**WHAT NEEDS TO BE DONE**
Reproduce the data exactly and drop any pictures it holds.

Short descriptive text snippets:
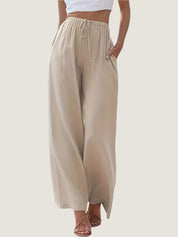 Pantaloni palazzo beige da donna, vita alta con coulisse, tessuto leggero, tasche laterali, abbinati a top bianco. Eleganti e comodi per l'estate.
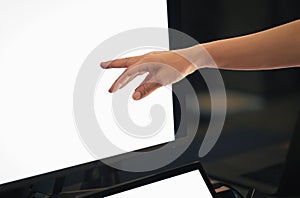 Woman working on computer with hand pointing at desktop screen.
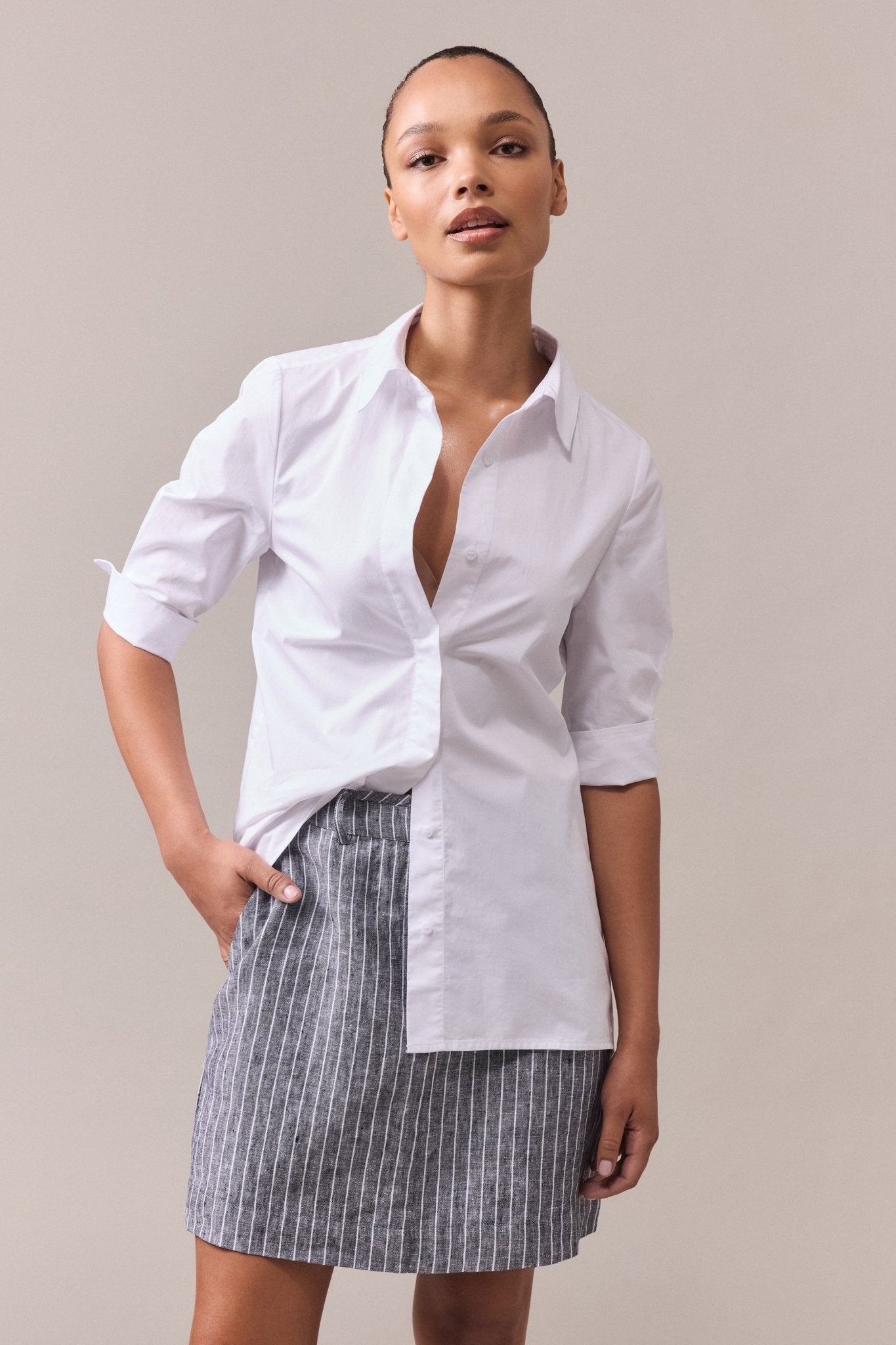 Woman wearing white elbow sleeve cotton shirt, with one hand in the skirt pocket and unbuttoned details revealing a relaxed styling approach.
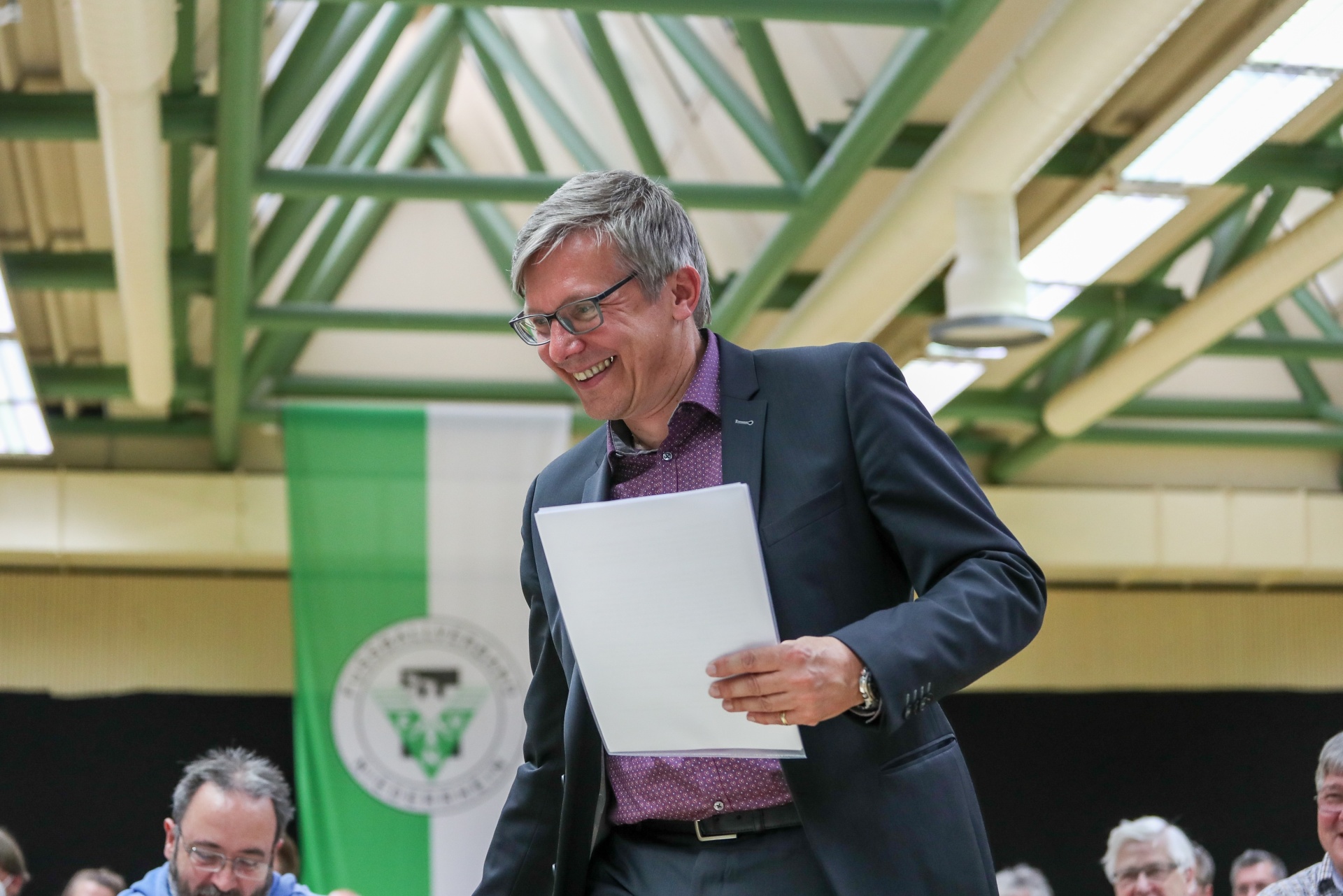 [{"clang_id":1,"value":"Mann mit Brille im Anzug liest ein Blatt Papier, vermutlich während einer Rede in einer großen Halle. Im Hintergrund Personen und eine grüne Flagge."}]
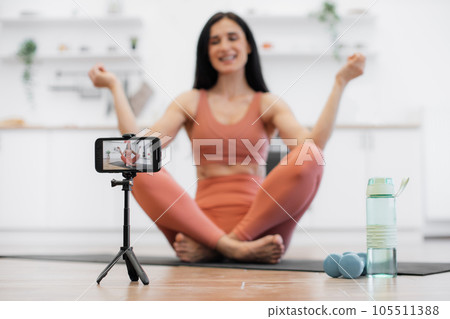 Female trainer shooting video about meditation indoors 105511388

**SOLUTION**
 Pantaloni palazzo beige da donna, vita alta con coulisse, tessuto leggero, tasche laterali, abbinati a top bianco. Eleganti e comodi per l'estate.
 Woman working on computer with hand pointing at desktop screen.
 Woman wearing white elbow sleeve cotton shirt, with one hand in the skirt pocket and unbuttoned details revealing a relaxed styling approach.
 [{"clang_id":1,"value":"Mann mit Brille im Anzug liest ein Blatt Papier, vermutlich während einer Rede in einer großen Halle. Im Hintergrund Personen und eine grüne Flagge."}]
 Female trainer shooting video about meditation indoors 105511388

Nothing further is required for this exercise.